Таким образом, «народ фактически голосовал за партию, которая уже не существовала»[8], — писал Ленин. Это обстоятельство стало основанием для решения ВЦИК, состоявшего из большевиков и левых эсеров, о роспуске Учредительного собрания в том случае, если оно не поддержит первые декреты Советской власти. Спустя несколько дней после этого (10 декабря) Советское правительство было реорганизовано из однопартийного в коалиционное, состоявшее из 11 большевиков и 7 левых эсеров. Незадолго до подписания Брестского мира Ленин обсуждал с Прошьяном, одним из лидеров левых эсеров, вопрос о возможности слияния большевистской и левоэсеровской партий.
После заключения Брестского мира левые эсеры разорвали правительственную коалицию и вышли из Совнаркома. Однако они продолжали работать во ВЦИКе и в местных Советах. Среди делегатов V Всероссийского съезда Советов (июль 1918 года) левые эсеры составляли около трети. Лишь после вооружённого мятежа этой партии, направленного на срыв Брестского мира и отстранение большевиков насильственным путём от власти, легальная деятельность левоэсеровской партии была запрещена.

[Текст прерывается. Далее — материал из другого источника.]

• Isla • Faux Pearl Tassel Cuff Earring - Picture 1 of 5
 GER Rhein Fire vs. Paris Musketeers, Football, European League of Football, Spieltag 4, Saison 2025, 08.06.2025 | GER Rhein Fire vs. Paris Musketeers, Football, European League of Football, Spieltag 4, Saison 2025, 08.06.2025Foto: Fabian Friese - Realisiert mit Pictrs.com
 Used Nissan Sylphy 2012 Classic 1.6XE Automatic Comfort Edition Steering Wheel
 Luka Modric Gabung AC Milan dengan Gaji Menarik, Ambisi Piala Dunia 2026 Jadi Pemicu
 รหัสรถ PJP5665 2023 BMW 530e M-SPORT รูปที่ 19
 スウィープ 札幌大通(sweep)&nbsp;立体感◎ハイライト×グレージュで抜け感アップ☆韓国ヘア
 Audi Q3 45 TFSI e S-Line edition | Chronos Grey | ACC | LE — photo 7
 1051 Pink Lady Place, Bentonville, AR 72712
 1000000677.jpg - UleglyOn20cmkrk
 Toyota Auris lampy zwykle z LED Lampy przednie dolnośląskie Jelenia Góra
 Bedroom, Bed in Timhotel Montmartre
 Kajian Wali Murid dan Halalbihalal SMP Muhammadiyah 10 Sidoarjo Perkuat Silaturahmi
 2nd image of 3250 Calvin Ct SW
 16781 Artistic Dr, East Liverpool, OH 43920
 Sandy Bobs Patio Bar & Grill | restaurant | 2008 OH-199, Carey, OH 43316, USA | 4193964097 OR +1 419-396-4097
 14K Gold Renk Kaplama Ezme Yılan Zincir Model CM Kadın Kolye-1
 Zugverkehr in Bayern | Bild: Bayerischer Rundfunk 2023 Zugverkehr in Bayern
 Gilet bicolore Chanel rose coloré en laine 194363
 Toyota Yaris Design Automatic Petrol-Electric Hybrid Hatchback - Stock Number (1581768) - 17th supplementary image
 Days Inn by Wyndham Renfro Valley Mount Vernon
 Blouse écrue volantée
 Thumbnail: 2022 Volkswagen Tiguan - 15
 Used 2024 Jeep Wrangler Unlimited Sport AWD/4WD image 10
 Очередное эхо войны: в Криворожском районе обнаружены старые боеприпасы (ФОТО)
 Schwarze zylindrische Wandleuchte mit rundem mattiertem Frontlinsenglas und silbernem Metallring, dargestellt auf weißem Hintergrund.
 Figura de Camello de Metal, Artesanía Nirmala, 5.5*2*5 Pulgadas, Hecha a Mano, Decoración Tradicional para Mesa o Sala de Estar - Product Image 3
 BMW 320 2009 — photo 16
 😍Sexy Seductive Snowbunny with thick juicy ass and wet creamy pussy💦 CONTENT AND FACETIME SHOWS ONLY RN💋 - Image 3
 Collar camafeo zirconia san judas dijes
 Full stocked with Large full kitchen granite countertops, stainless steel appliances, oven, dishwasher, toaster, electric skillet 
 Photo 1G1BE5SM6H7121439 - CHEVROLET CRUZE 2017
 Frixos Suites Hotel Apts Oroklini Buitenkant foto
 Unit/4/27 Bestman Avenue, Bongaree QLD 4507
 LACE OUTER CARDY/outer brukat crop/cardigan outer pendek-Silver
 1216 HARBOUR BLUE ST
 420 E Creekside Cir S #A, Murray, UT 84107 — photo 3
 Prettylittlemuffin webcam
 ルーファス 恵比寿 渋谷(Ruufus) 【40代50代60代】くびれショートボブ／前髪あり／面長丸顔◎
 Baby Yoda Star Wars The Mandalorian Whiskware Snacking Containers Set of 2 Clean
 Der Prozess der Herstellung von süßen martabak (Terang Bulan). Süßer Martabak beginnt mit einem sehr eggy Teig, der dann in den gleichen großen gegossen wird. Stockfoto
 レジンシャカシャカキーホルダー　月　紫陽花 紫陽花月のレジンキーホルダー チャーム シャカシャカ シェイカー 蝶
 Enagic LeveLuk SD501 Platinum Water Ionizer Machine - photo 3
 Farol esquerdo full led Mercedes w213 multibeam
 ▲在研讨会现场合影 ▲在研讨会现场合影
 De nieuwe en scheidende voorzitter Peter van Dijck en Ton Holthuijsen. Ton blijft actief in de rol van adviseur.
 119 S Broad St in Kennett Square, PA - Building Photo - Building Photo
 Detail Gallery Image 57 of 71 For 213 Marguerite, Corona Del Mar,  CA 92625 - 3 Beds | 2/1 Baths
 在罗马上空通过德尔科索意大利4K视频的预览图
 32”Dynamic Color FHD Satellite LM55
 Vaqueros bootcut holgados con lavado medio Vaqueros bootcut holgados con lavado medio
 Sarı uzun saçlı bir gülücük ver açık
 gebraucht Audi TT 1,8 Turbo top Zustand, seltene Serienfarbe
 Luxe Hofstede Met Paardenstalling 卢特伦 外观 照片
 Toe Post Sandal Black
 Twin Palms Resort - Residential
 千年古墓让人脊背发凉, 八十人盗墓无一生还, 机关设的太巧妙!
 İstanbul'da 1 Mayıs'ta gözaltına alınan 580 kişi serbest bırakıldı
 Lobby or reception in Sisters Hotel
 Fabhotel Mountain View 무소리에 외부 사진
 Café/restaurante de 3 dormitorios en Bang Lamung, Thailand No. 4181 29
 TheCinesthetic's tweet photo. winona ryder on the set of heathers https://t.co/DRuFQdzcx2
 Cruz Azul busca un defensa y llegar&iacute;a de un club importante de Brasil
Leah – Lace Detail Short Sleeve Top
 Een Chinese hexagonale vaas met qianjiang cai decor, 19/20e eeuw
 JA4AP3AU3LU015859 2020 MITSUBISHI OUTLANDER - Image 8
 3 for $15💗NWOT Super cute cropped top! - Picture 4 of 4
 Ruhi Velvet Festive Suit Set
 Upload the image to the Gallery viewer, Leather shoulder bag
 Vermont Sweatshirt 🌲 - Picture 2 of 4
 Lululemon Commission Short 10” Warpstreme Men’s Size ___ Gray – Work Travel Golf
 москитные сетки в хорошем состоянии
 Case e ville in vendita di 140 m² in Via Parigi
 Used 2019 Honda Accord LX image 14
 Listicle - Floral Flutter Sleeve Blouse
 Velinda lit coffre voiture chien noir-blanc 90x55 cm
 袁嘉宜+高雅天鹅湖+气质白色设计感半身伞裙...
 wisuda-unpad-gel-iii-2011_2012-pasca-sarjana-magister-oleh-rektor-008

К началу 1921 года — моменту введения нэпа — все прежние «советские» партии пережили целую серию расколов. Одна часть членов этих партий отошла от политической деятельности и вступила в лояльное сотрудничество с Советской властью в государственных учреждениях, другая часть вошла в большевистскую партию[9], третья часть оказалась в эмиграции или действовала в подполье, вынашивая интервенционистские замыслы против Советской власти.
Введение нэпа было воспринято буржуазно-либеральными и бывшими «советскими» партиями как возвращение к естественному, нормальному развитию русской революции, которая, с их точки зрения, должна была быть буржуазно-демократической. Вслед за либерализацией экономических отношений они ожидали аналогичных изменений в политической надстройке, т. е. установления буржуазно-демократического строя. Разномастная эмиграция, хотя и раздираемая внутренними противоречиями, была готова в любой благоприятный момент к возобновлению вооружённой борьбы против Советской власти ради свержения большевиков и ликвидации социальных завоеваний Октябрьской революции. Внутри страны существовала так называемая «внутренняя эмиграция», т. е. социальные силы, лишённые возможностей легального политического оформления, но также готовые поддержать капиталистическую реставрацию.